Prozentualer Zugewinn zwischen Juli und September

 

AfD

+38%

Die Linke

+28%

Piratenpartei

+26%

SPD

+21%

CDU/CSU

-2%

FDP

-16%

Bündnis 90/Die Grünen

-25%

Betrachtet man die Werte, so konnten AfD, Linke, Piraten und die SPD im Laufe des Wahlkampfs deutlich Anhänger dazugewinnen. CDU/CSU blieben fast konstant, FDP und Grüne haben in diesem Zeitraum zum Teil deutlich Anhänger verloren.

Die Ergebnisse sind besonders interessant, wenn man sich die Budgets der Parteien für Ihre Wahlkämpfe ansieht, denn diese sind sehr unterschiedlich. Dank der Aussagen der Wahlkampfmanager und Werbeagenturen der Parteien auf der Konferenz „Wahlkampf-Strategien 2013: Das Hochamt der Demokratie“ im Juni 2013 sind diese Werte zumindest annährend bekannt[1]: Die SPD wollte 23 Millionen Euro in den Wahlkampf stecken, die CDU 20 Mio., die Grünen 5,5 Mio., die Linke 4,5 Mio., die FDP 4 Mio. und die Piraten ca. 0,4 Mio. Das sind zwar Schätzgrößen, aber immerhin von Leuten, die es wissen müssten.
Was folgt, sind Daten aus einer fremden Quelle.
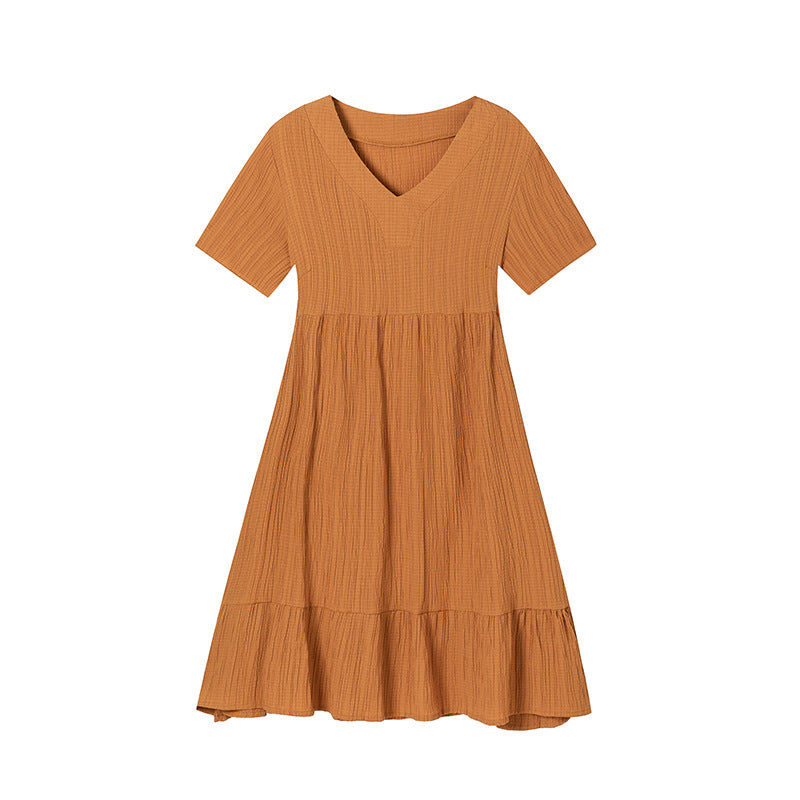 Lune London V neck flared midi dress for ladies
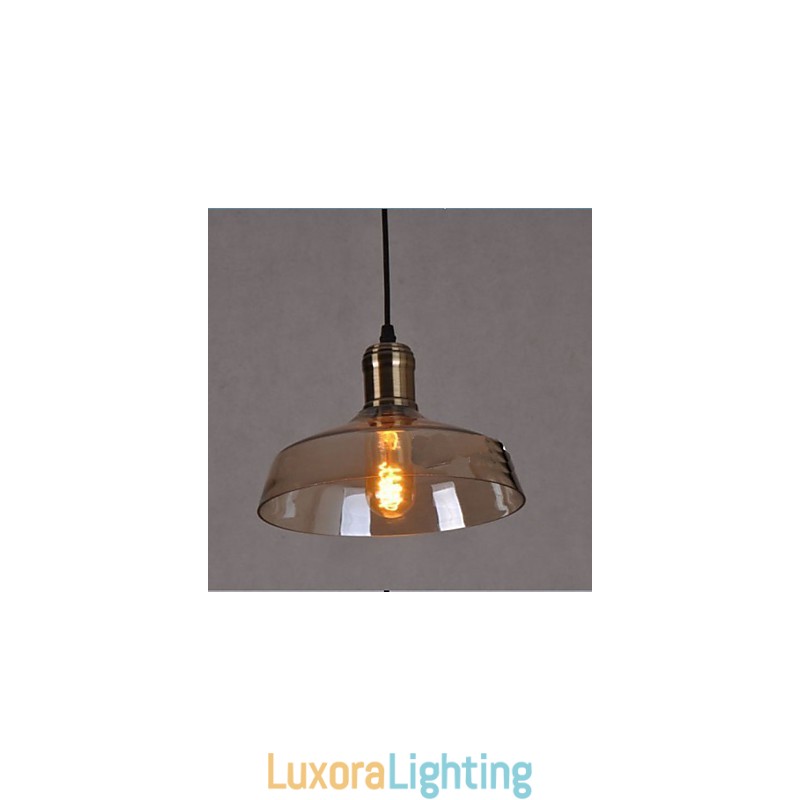 Designer Touch Decorative Simple Retro Industrial Glass Pendant Lamp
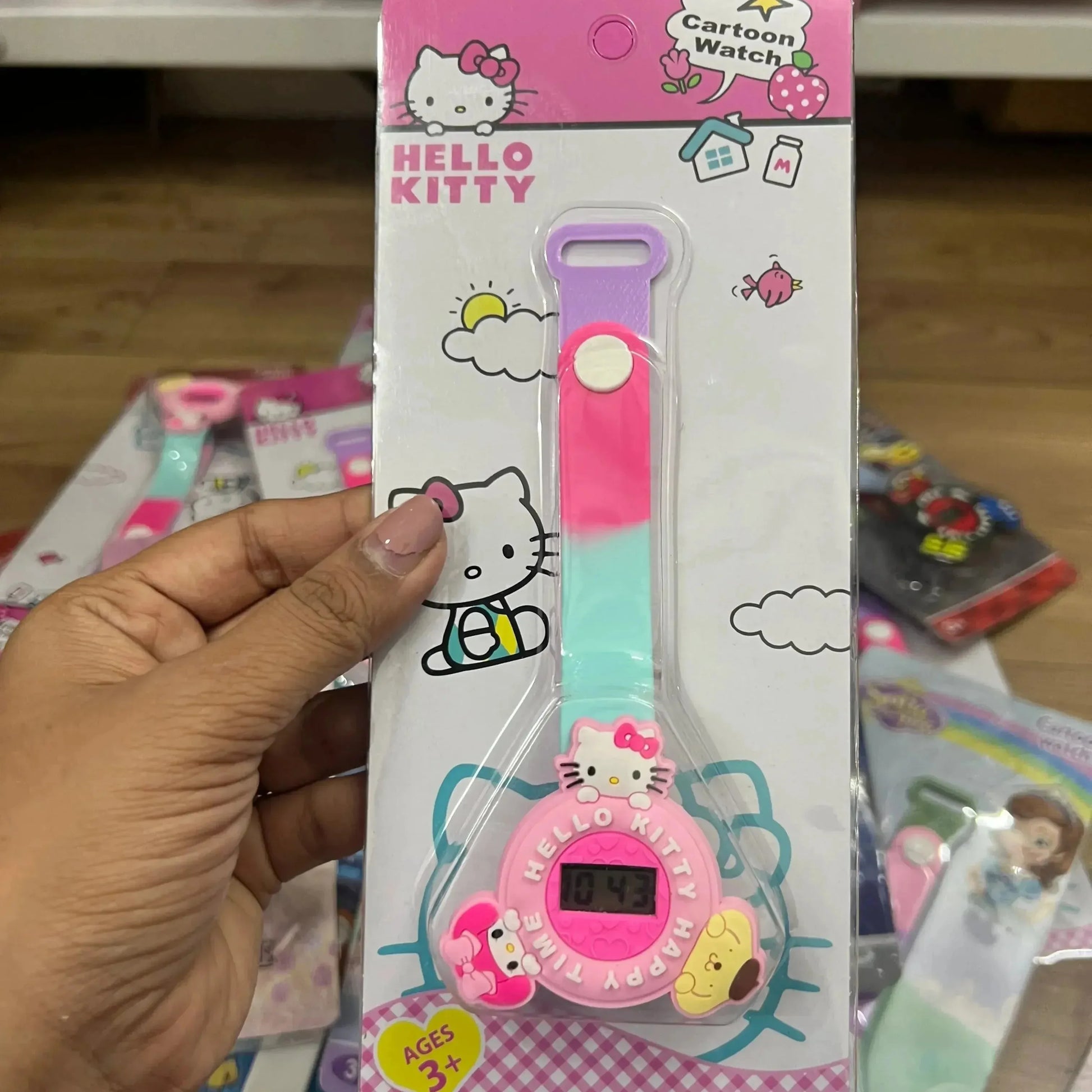 Whirl & Twirl Cartoon Spinner Watch - Bear Hugs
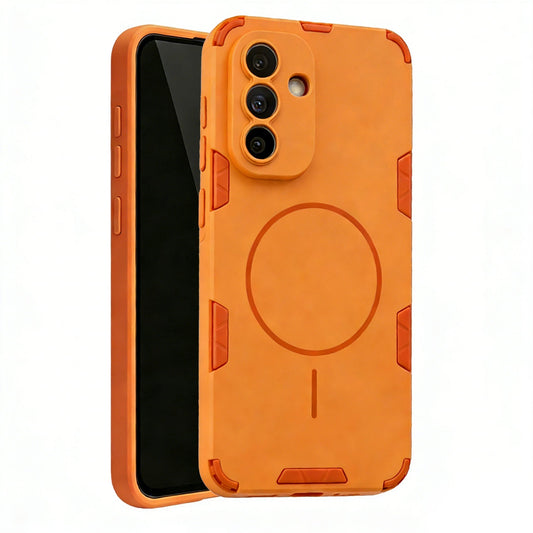 Samsung Galaxy A57 Case - Matte Orange - Frosted Matte Hard Case MagSafe Back Cover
CSU und AfD waren auf dieser Konferenz nicht auf dem Podium, aber es finden sich in den Medien ebenfalls Budgetschätzungen: Die CSU soll lt. der FAZ 9,5 Mio. in den Bundes- und Landtagswahlkampf investiert haben[2], die AfD habe 2,3 Mio. an Spenden eingesammelt.

Rechnet man nun die Wahlkampf-Budgets dagegen, so hat die AfD in den neun Wochen des Befragungszeitraums einen sehr guten Output für ihr Budget erzielt: 38% mehr Wählerstimmen für 2,3 Mio. Euro. Ebenfalls effizient haben die Kampagnen der Linke und der Piraten gearbeitet. Bei der SPD wurde der Zuwachs teuer erkauft. Bei CDU, FDP und Grünen haben die Kampagnen nicht effizient gearbeitet: Viel Geld investiert, aber dennoch Anhänger auf dem Weg verloren. Natürlich hat diese Betrachtung ihre Unschärfe und bis zur Wahl kann es noch Verschiebungen geben.

Und es spielen neben der Kampagne viele andere Faktoren im Wahlkampf eine Rolle: Die Auftritte der Spitzenkandidaten, das TV-Duell, die Wahlprogramme und - nicht zuletzt – die Berichterstattung in den Medien. Diese wiederum wollten die jeweiligen Parteistrategen in diesem Wahlkampf besonders häufig für Ihre Zwecke kapern. Zum Teil sogar mit Erfolg. So dürfte die Strategie von CDU und FDP bei jeder sich bietenden Gelegenheit, insbesondere die Grünen als die Partei der Steuererhöhungen zu verteufeln, einen nicht zu unterschätzenden Beitrag zum Verlust an potenziellen Wählerstimmen geführt haben.